'''

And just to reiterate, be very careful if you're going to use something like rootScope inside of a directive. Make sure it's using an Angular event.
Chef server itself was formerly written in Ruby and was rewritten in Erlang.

'''
'''

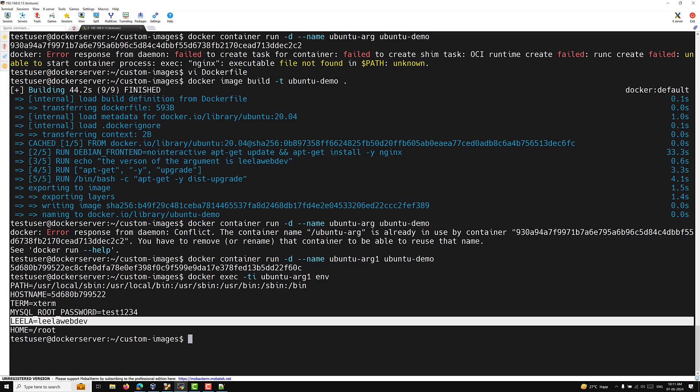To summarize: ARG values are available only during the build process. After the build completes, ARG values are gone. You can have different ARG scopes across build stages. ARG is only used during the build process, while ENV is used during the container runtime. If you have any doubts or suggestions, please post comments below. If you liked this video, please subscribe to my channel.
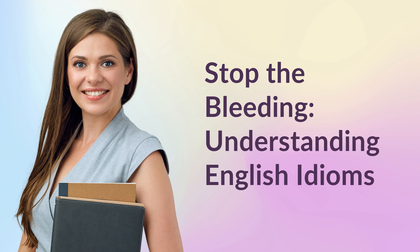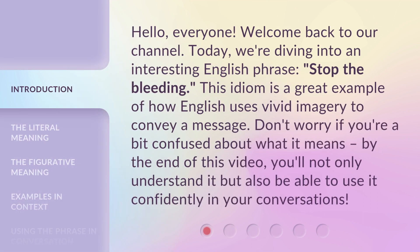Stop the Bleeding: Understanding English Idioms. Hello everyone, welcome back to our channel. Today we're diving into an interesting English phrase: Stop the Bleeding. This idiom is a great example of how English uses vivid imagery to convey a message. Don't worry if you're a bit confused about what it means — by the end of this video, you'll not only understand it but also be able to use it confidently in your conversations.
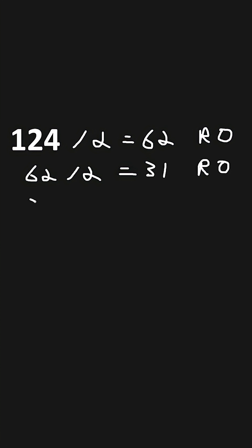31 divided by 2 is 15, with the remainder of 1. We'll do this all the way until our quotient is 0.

'''
'''

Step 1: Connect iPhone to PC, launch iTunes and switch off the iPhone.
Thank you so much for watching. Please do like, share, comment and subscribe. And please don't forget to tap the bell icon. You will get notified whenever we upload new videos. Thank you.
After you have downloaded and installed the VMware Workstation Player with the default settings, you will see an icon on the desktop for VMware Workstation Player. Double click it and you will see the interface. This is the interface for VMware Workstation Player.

'''

With the line holding "And just to" as the first and the line holding "Chef server itself" as the last, please transcribe exactly the lines of the material above in that range and nothing else.

YOUR SOLUTION:
And just to reiterate, be very careful if you're going to use something like rootScope inside of a directive. Make sure it's using an Angular event.
Chef server itself was formerly written in Ruby and was rewritten in Erlang.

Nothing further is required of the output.